Figure 4. Comparison of the genetic organization of the ESX loci in various mycobacterial genomes, including Mpg. Comparison of the genetic organization of the ESX loci identified in the genomes of M. tuberculosis, BCG, M. marinum, M. kansasii, M. gordonae, M. avium, and Mpg. (A) ESX-1 locus. (B) ESX-2 locus. (C) ESX-3 locus. (D) ESX-4 locus. (E) ESX-5 locus. The sequence similarities with M. tuberculosis are indicated for each ORF. The red dashed box indicates the deleted genes. The red lined box in panel (B) indicates the separation of the genes involved in the ESX-2 locus, and their location is also indicated above the box.
Of the five ESX loci (Figure 4), a pronounced difference between Mpg, M. gordonae, and M. marinum was found in the ESX-2 locus. The ESX-2 locus was also shown to be intact in the Mpg genome. However, none of the orthologs of ESX-2 were found within the M. marinum M genome, and only the partial orthologs of the ESX-2 were detected in the M. gordonae genome. Notably, the ESX-2 genes of Mpg were separated into two distantly located regions in its genome, unlike the case of M. tuberculosis, in which all ESX-2 genes (corresponding ORFs are Rv3884c∼Rv3895c) are located in one region proximal to the ESX-1 locus (corresponding ORFs are Rv3869∼Rv3883c). In the case of Mpg, the first part of ESX-2 (8 ORFs corresponding to C0J29_30050∼30085) is located next to the ESX-1 locus, but the second part of ESX-2 (corresponding to C0J29_00275∼00290) is located distantly from the ESX-1 locus (Figure 4B). Given that the genes corresponding to pe36, eccC2, and eccB2 in the second region of Mpg were not detected in the M. gordonae genome, and the sequence similarity values were very low compared to those of the first part of Mpg, the second part of the ESX-2 genes of Mpg appears to be acquired by lateral gene transfer from other bacteria after the gene loss of M. gordonae.

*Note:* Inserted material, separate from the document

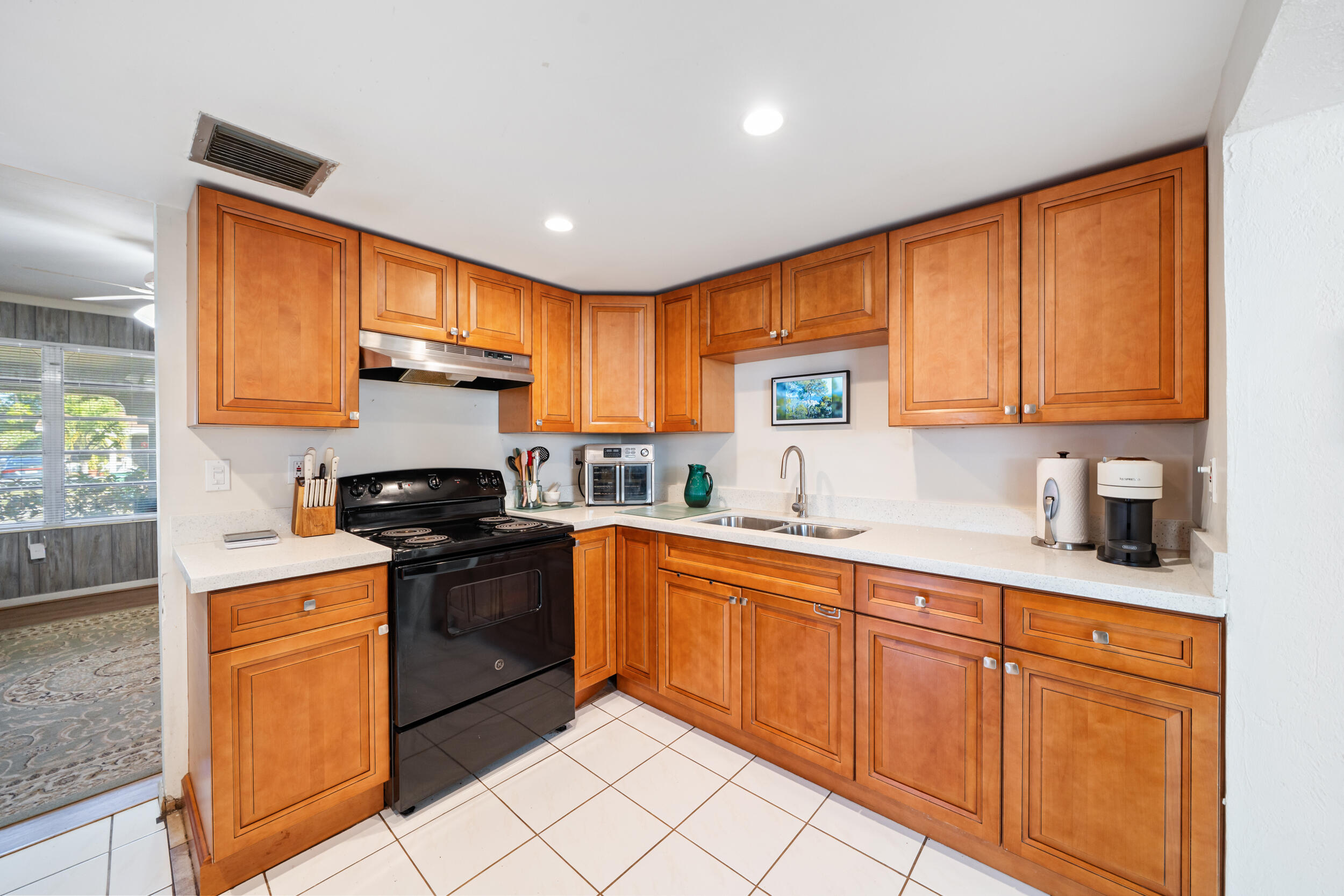10730 Southwest 151st Street Miami, FL 33176 - Photo 10 of 26 a kitchen with stainless steel appliances granite countertop a stove a sink dishwasher and a refrigerator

The Presence of Genes Encoding ESX Systems on Two Plasmids of Mpg
In addition to the known chromosomal ESX loci of mycobacterial strains, the existence of plasmid-encoded ESX systems was recently reported (Ummels et al., 2014). Apart from the five types of intact ESX loci in the Mpg chromosome, we found two additional distinct ESX on the pMpg-1 and -2 plasmids, respectively. On the pMpg-1 plasmid, the putative ESX locus (12 ORFs corresponding to C0J29_30435∼30490) exhibited a gene orientation similar to that of recently identified mycobacteria plasmid-encoded ESX-P5 systems (Ummels et al., 2014; Newton-Foot et al., 2016; Figure 5A). On the pMpg-2 plasmid, another putative ESX system was also identified; however, this system has no homology with any ESX system derived from mycobacterial plasmids. Instead, it has an orientation similar to the chromosomal ESX-2 system in the genome of M. tuberculosis (Figure 5B and Supplementary Table S2). These results suggest that the ESX system on the pMpg-2 plasmid may be an ancient ESX system that evolved into ESX-P2.

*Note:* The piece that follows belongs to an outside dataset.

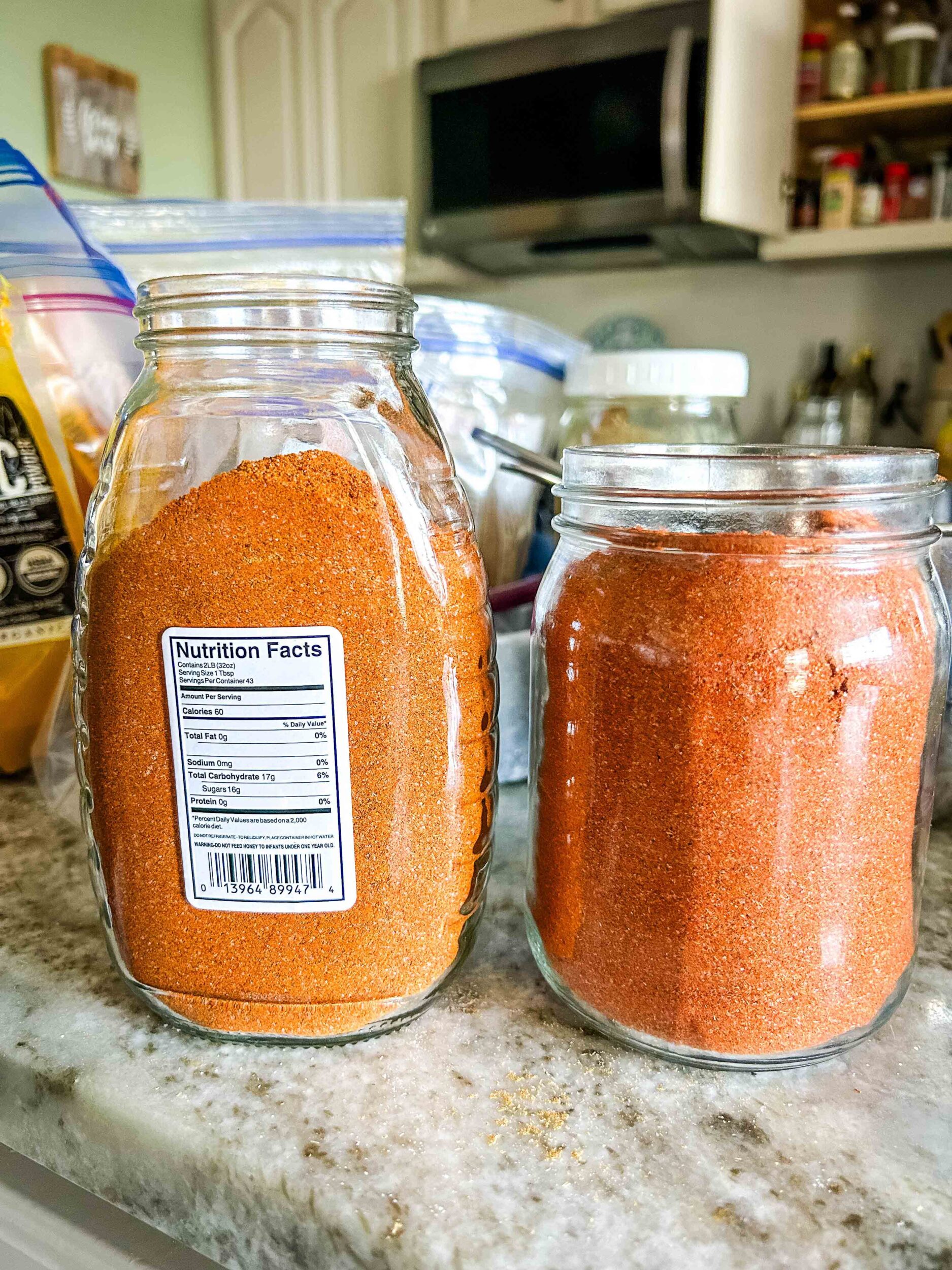 Butter chicken spice mixes in glass jars.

Figure 5. Comparison of the genetic organization of the ESX loci in various mycobacterial plasmids, including Mpg. (A) The ESX-P5 locus from pMpg-1 was compared with other loci in the mycobacterial plasmids pRAW (M. marinum E11), pMAH135 (M. avium subsp. hominissuis TH135), pMK12478 (M. kansasii ATCC 12478), and pMyong1 (M. yongonense). (B) The ESX-2-like locus in pMpg-2 was compared with the ESX-2 locus of M. tuberculosis. In panel (A), the sequence similarities are indicated for each ORF, which were calculated against genes from pRAW. Genes which were not matched with those of pRAW and additional insertions were represented as white arrows.
To examine the phylogenetic relationship of the two ESX loci from the pMpg-1 and -2 plasmids, various EccC protein sequences from mycobacterial chromosomes (from ESX-1 to ESX-5 of M. marinum and M. tuberculosis) and plasmids (ESX-P1 through -P3 and -P5) were aligned, and an alignment-based phylogenetic tree was constructed. As indicated above, the EccC protein from the pMpg-1 plasmid was grouped with those of mycobacterial ESX-P5 [M. yongonense (pMyong1), M. kansasii (pMK12478), M. marinum (pRAW), and M. avium subsp. hominissuis (pMAH135)]. The EccC protein from the pMpg-2 plasmid was clustered with the EccC protein of the chromosomal ESX-2 locus in M. tuberculosis, not with the plasmid-derived ESX-P2 system (Supplementary Figure S4).
Enhanced Resistance of Mpg to Bacterial Killing by Amoeba
Our genome data on diverse T7SS systems, along with the high isolation frequency of Mpg from water supply systems worldwide and the unique growth traits of Mpg (its failure to grow above 37°C), led us to hypothesize that Mpg could make use of FLA systems as its natural reservoir and could resist phagocytic death. To address this issue, we compared the intracellular survival capacity against the amoeba (Acanthamoeba castellanii) phagocytic killing mechanism between Mpg, M. gordonae and M. marinum via coculturing with A. castellanii for 7 days. Before the test for survival ability in amoeba, the growth rate of three mycobacterial strains, Mpg, M. gordonae and M. marinum was determined in 7H9 broth media for 7 days. These strains showed similar growth rate until 5 days, however, M. marinum showed slightly slow growth rate at 30°C (Supplementary Figure S5). At the indicated time-points (0, 1, 4, and 7 days) of the infection experiment, the viability of Mpg, M. gordonae and M. marinum was compared by counting the colony forming units (CFUs) of each strain. Viable Mpg, M. gordonae and M. marinum were detected at all time-points. Mpg showed lower CFU [(133.50 ± 4.95) × 104 CFUs] at the infection time of Day 0, than M. gordonae [(226.00 ± 36.77) × 104 CFUs] and M. marinum [(209.00 ± 11.31) × 104 CFUs]. Also, bacterial viability of the three strains was decreased in a time-dependent manner. However, CFUs [(1155.00 ± 219.20) × 102 CFUs] of Mpg was maintained 7 days after infection compared to those of M. gordonae [(45.50 ± 2.12) × 104 CFUs] and M. marinum [(1.5 ± 0.71) × 102 CFUs]. This finding indicates that Mpg may have an advantage in resistance to phagocytic death after its infection of amoeba (Figure 6).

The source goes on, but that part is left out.